EXERCISE DESCRIPTION - Without the pictures, restate all of the data below word for word.

WORKING DATA -
== Segment start ==

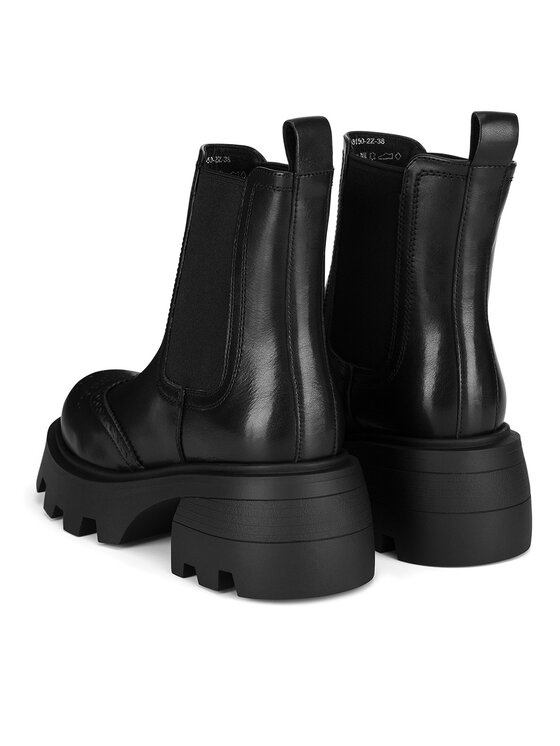 Badura Badura Kotníková obuv s elastickým prvkem WFA3150-2Z Černá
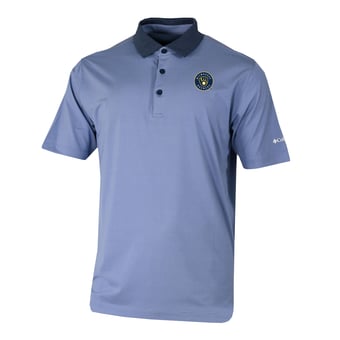 Men's Columbia Royal Milwaukee Brewers Settle In Polo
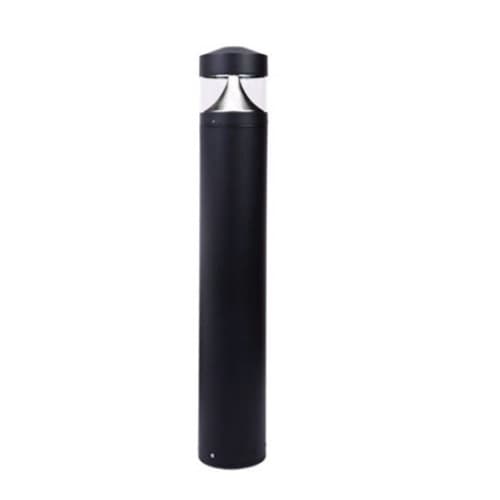 Dabmar 20W Flat LED Bollard Pathway Light w/ Triangular Reflector, 4000K, Black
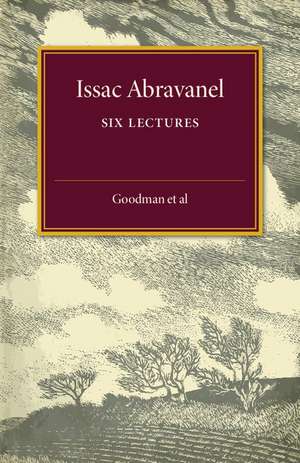 Isaac Abravanel: Six Lectures de J. B. Trend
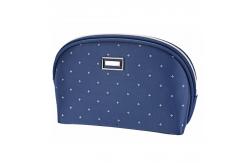 China Polyester Customized Shell Shape Blue Toiletry Pouch Bag supplier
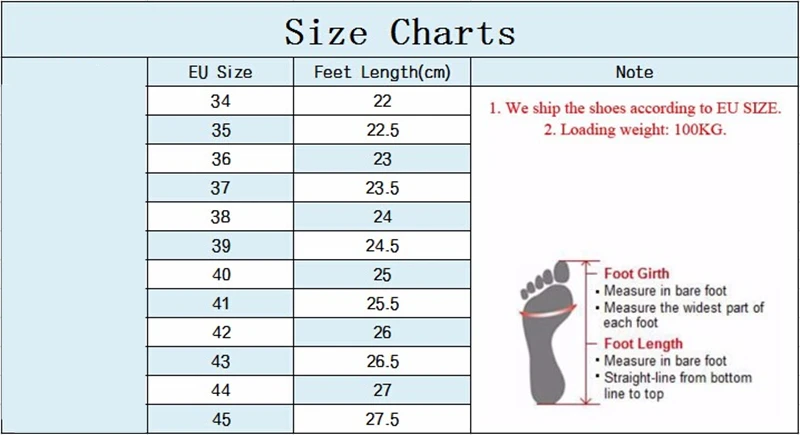 Ice Skating Shoes Size Chart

== Segment end ==

EXERCISE OUTPUT -
 Badura Badura Kotníková obuv s elastickým prvkem WFA3150-2Z Černá
 Men's Columbia Royal Milwaukee Brewers Settle In Polo
 Dabmar 20W Flat LED Bollard Pathway Light w/ Triangular Reflector, 4000K, Black
 Isaac Abravanel: Six Lectures de J. B. Trend
 China Polyester Customized Shell Shape Blue Toiletry Pouch Bag supplier
 Ice Skating Shoes Size Chart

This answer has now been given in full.